TASK: Leave the images aside and repeat the whole listing exactly.

DATA EXCERPT:
╔══
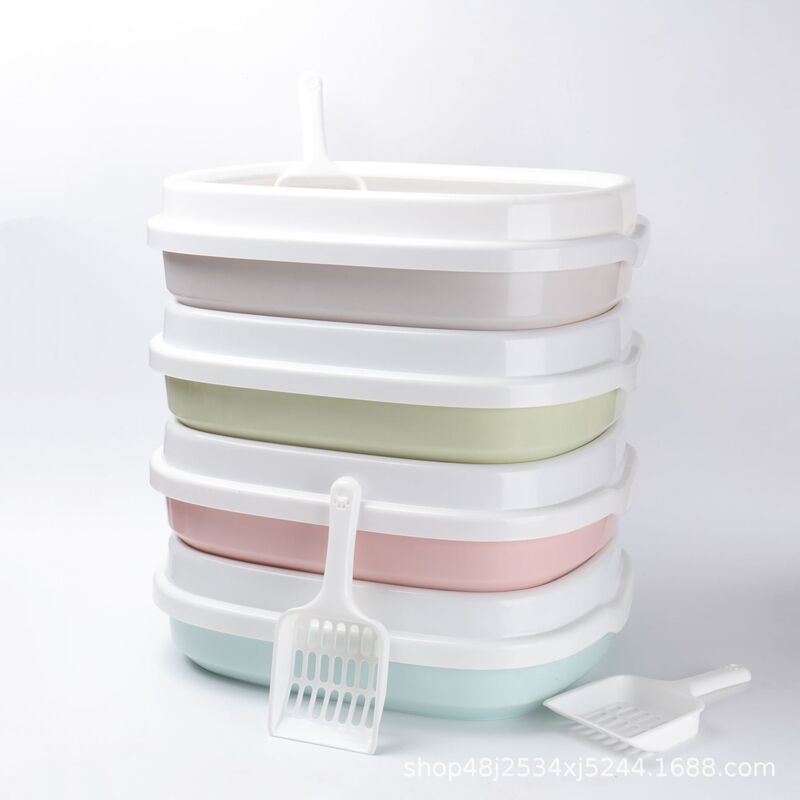 Wholesale Large Semi-Enclosed Pp Plastic Cat Litter Box, Anti-Splash Cat Toilet, Splash-Proof Pet Cat Supplies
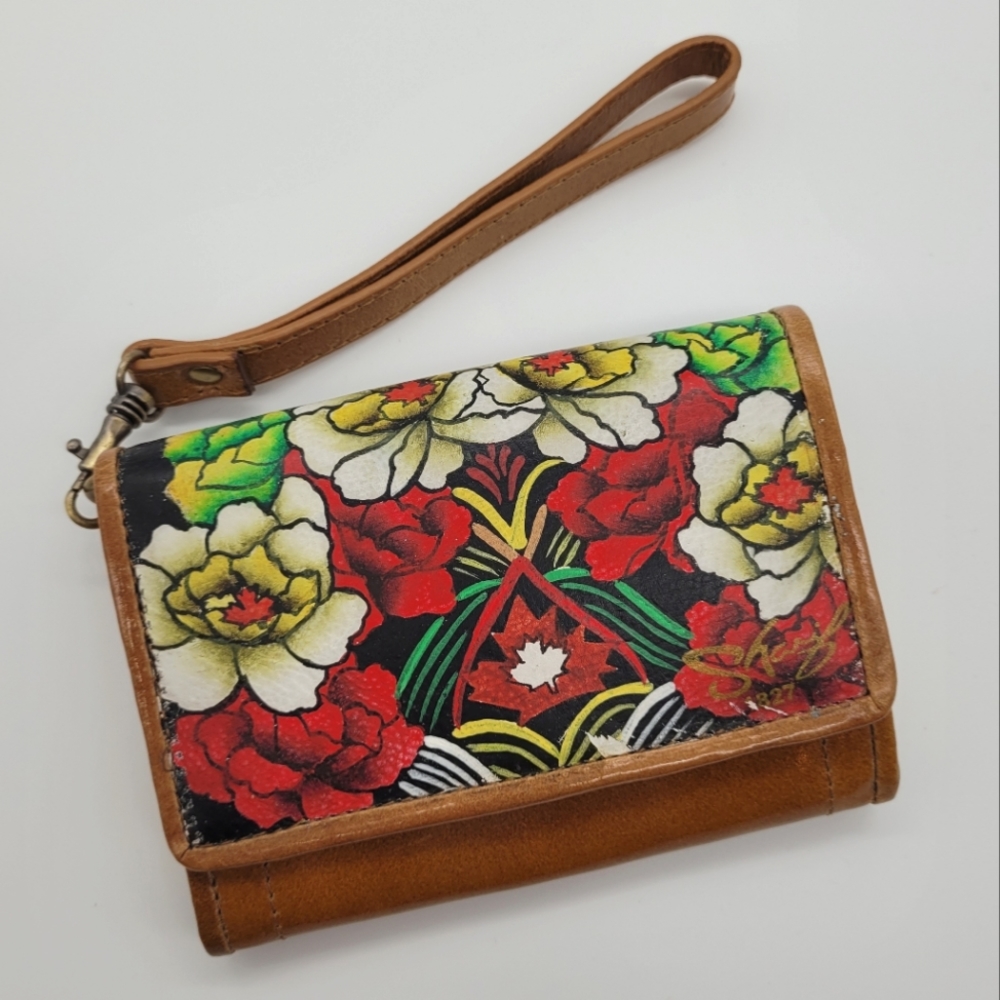 SHARIF | Artistic Expressions leather hand painted maple leaf floral wallet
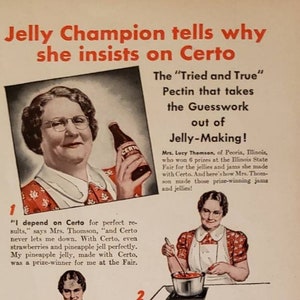 1940 CERTO Pectin Jelly-Making Jelly Champion SUNNYBROOK OVOS Ovo escalfado Anúncio impresso vintage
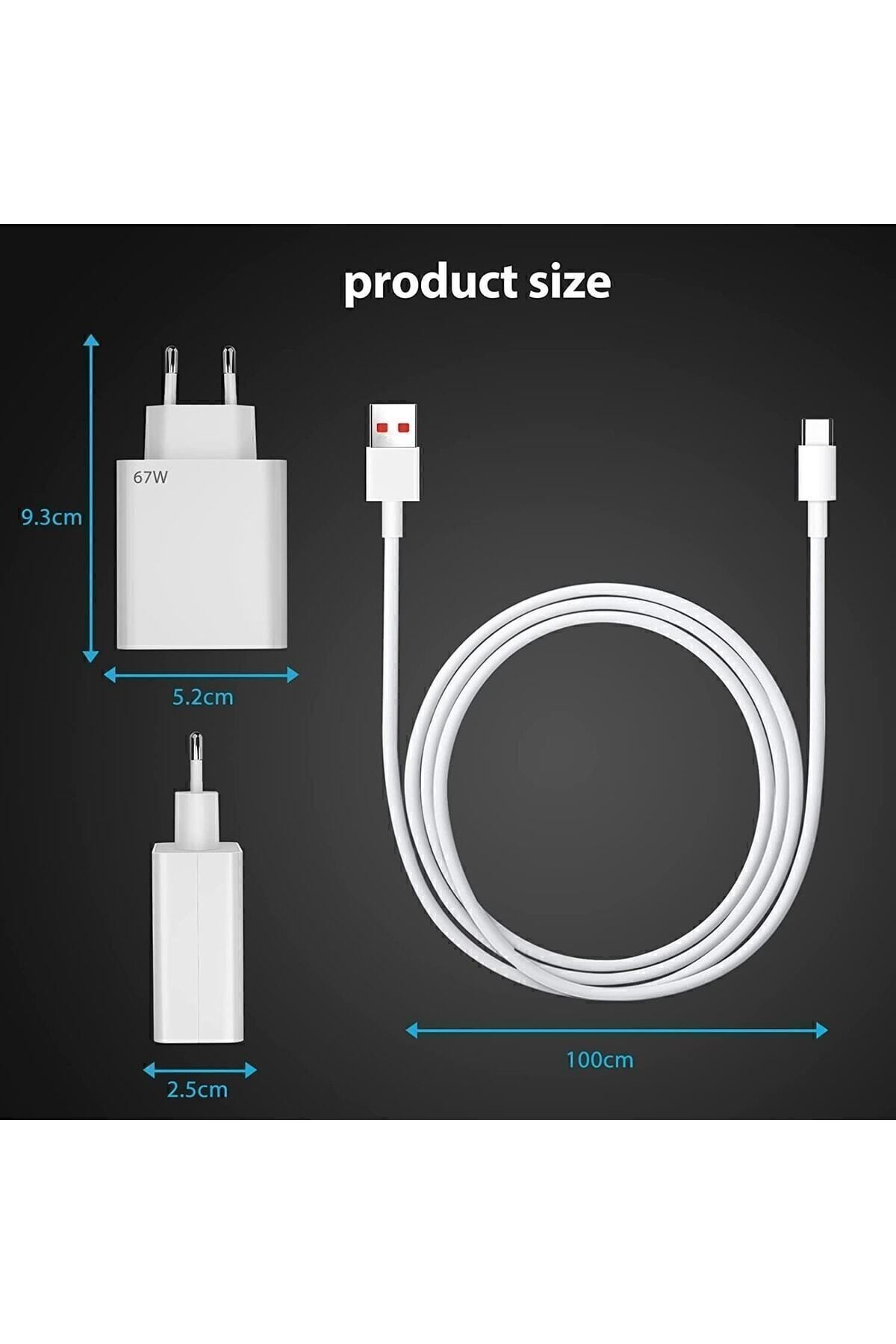 Xiaomi Mi  uyumlu 67w (WATT) Turbo Hızlı Şarj Cihazı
╚══
RESULT OF THE EXERCISE:
 Wholesale Large Semi-Enclosed Pp Plastic Cat Litter Box, Anti-Splash Cat Toilet, Splash-Proof Pet Cat Supplies
 SHARIF | Artistic Expressions leather hand painted maple leaf floral wallet
 1940 CERTO Pectin Jelly-Making Jelly Champion SUNNYBROOK OVOS Ovo escalfado Anúncio impresso vintage
 Xiaomi Mi  uyumlu 67w (WATT) Turbo Hızlı Şarj Cihazı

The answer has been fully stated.